Your instructions:
Transcribe the records exactly. Pictures do not belong in the transcription.

+===+

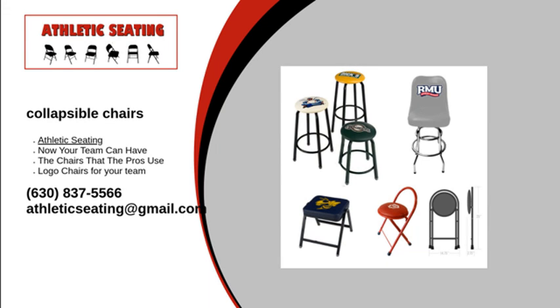For more information on our collapsible chairs, visit our website or give us a call at 1-630-837-5566. We will answer any questions you may have. Contact Athletic Seating today.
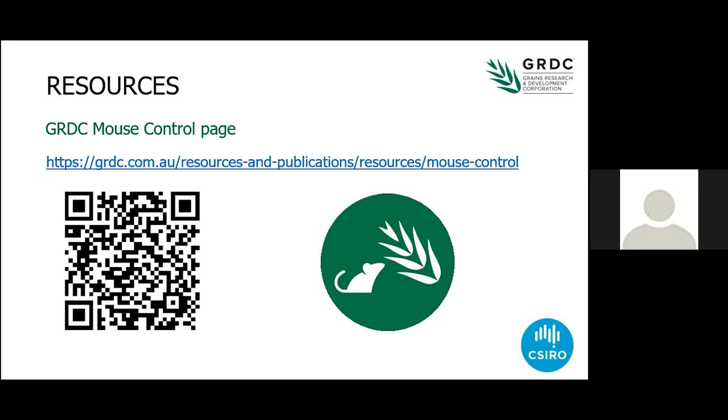There's a whole heap of really good stuff on the mouse-related pages of the GRDC website.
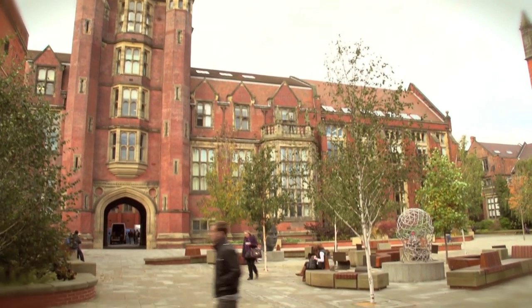I was a research student here in the 1970s and looking around the quad it was much as it was then. No big changes — the trees have grown up.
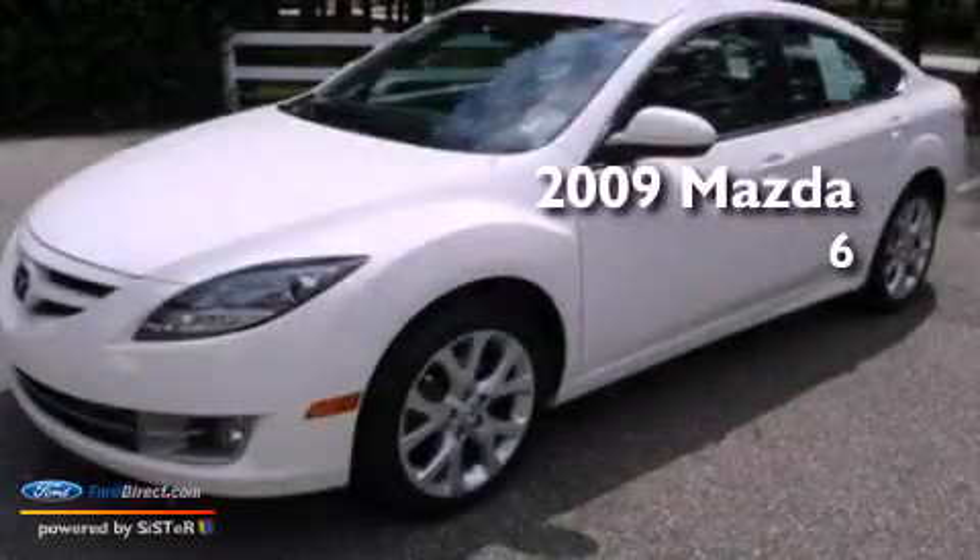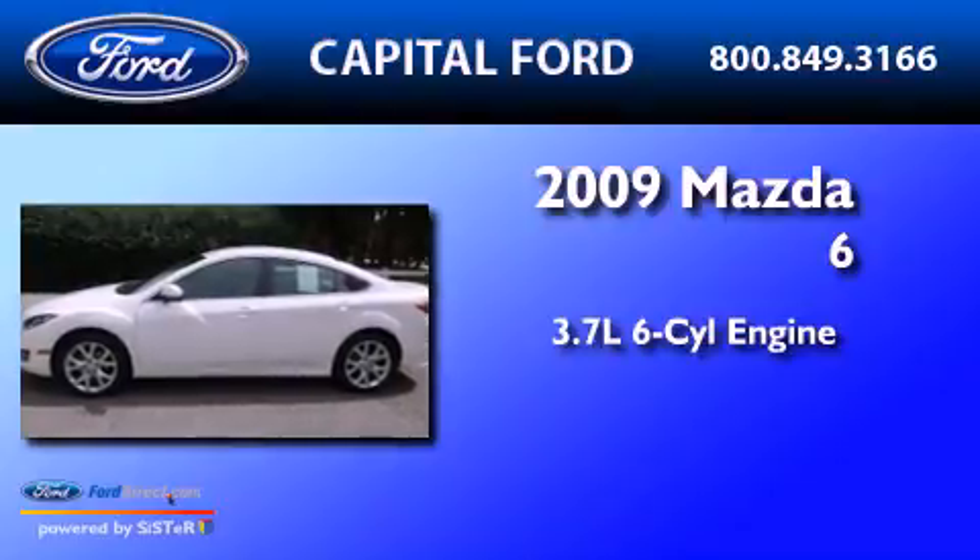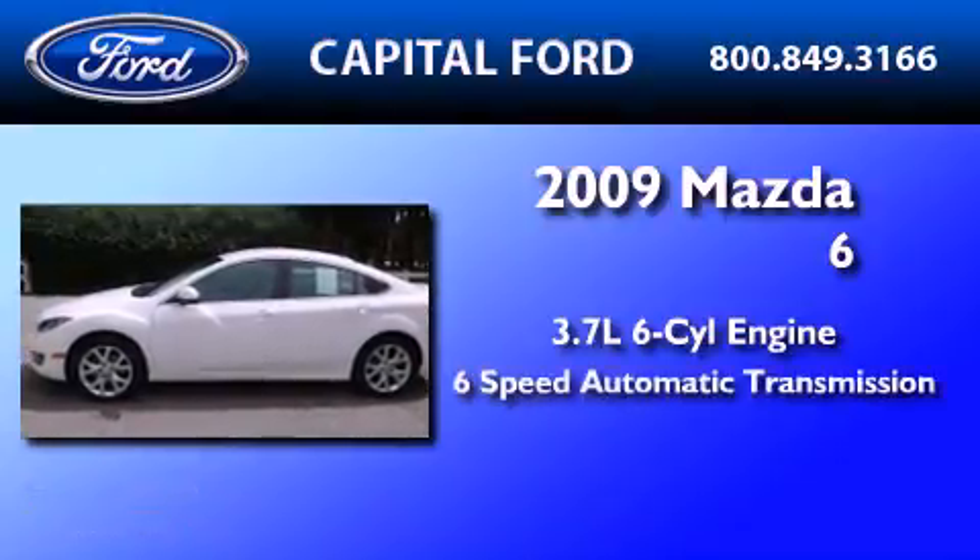This is a 2009 Mazda 6. It features a 3.7-liter six-cylinder engine and a six-speed automatic transmission.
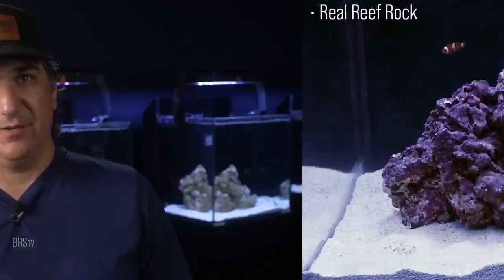You may be seeing a theme here — these tanks that don't show signs of microcrustaceans all end up with the diatom issue. In a moment, I'll share how we find out if pods or microcrustaceans are a solution. We're going to dose pods to these tanks, but in a way that most probably wouldn't consider.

+===+

Solved exercise:
For more information on our collapsible chairs, visit our website or give us a call at 1-630-837-5566. We will answer any questions you may have. Contact Athletic Seating today.
There's a whole heap of really good stuff on the mouse-related pages of the GRDC website.
I was a research student here in the 1970s and looking around the quad it was much as it was then. No big changes — the trees have grown up.
This is a 2009 Mazda 6. It features a 3.7-liter six-cylinder engine and a six-speed automatic transmission.
You may be seeing a theme here — these tanks that don't show signs of microcrustaceans all end up with the diatom issue. In a moment, I'll share how we find out if pods or microcrustaceans are a solution. We're going to dose pods to these tanks, but in a way that most probably wouldn't consider.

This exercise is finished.